There was pop too on the offerings from their forthcoming seventh album, "Life Is Yours", from the Talking Heads esque sprightliness on opener “Wake Me Up” to the “Uptown Funk” inspired groove of “2001”, all funk and cries of “Brighton Rock” during it, while the strikingly vivid tone of “Looking High”, played here live for the first time, already sounded like a summer festival banger. Indeed, the first half of the evening possessed a funkiness and eagerness to get on the dancefloor, a vibe that was slightly hampered by a tepid crowd. Staffing issues meant lengthy queues at the bar, which perhaps explains scores of empty seats during the first few numbers, something that thankfully mostly changed as the night progressed. It did mean a few earlier numbers did not quite connect as hoped.
Philippakis, however, is a terrific frontman and worked the crowd up, at times jerking around like a marionette puppet being pulled, and at others lifting his guitar and going for a stroll at the crowd barricade. He noted that it was amazing to see so many fans in different shirts from different eras there, reflecting the band’s longevity, and that was a fact borne out by the fact entire families seemed to be in attendance.
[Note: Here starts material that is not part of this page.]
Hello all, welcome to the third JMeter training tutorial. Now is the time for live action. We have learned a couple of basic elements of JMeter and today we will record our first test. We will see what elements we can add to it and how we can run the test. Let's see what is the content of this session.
They were in the seats though, leaving the stalls to become an increasingly large mosh pit as the set took a heavier turn, bodies slamming together in a way that sometimes looked as if performance art was being created.
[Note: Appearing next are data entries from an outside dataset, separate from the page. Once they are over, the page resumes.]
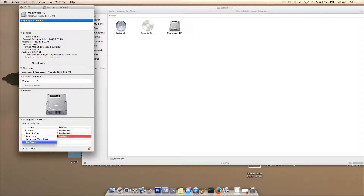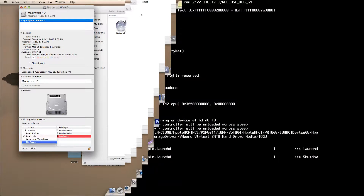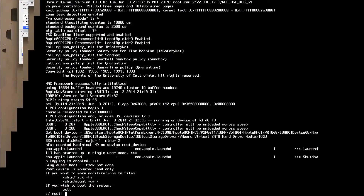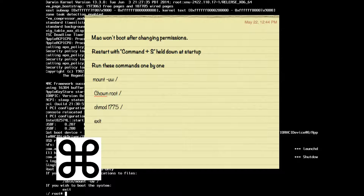No problemo! Simply reboot your computer into single user mode and enter the commands on the screen one by one. You enter single user mode by holding Command and S as the Mac boots up.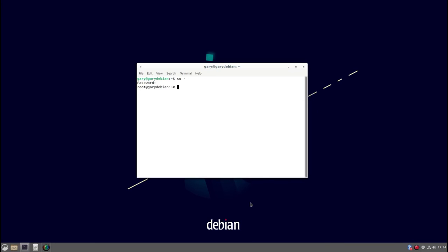Obviously you have to know the password and then to add yourself into the sudo group you have to do adduser your name and then the group you want to add yourself to and that's done.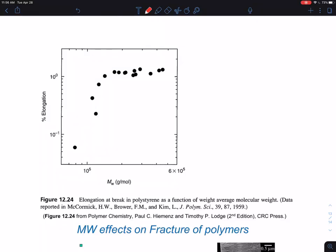This is a continuation of the polymer fracture series, understanding the more microscopic mechanisms for different types of polymer fractures. This continues from the previous section where I discussed the brittle fracture mechanism called crazing versus the ductile fracture mechanism called shear band formation or shear deformation zone formation. One of the fundamental questions is what will be the molecular weight effect on mechanical properties before fracture occurs.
The set was cleverly paced, increasing in intensity as it went, with those poppier moments fading to the background and the noise escalating, from an insistent bass driven “Birch Tree” and a version of “In Degrees” that swelled as it went along, to a gigantic “Inhaler” that closed the main set with glorious sound and fury. It was as if all the frustration of the past two years was being unleashed in one immensely satisfying racket, a trend that continued in a sharp encore capped off by a euphoric Two Steps, Twice, from the group’s early days. Many changes then, but Foals remain a band of immense power.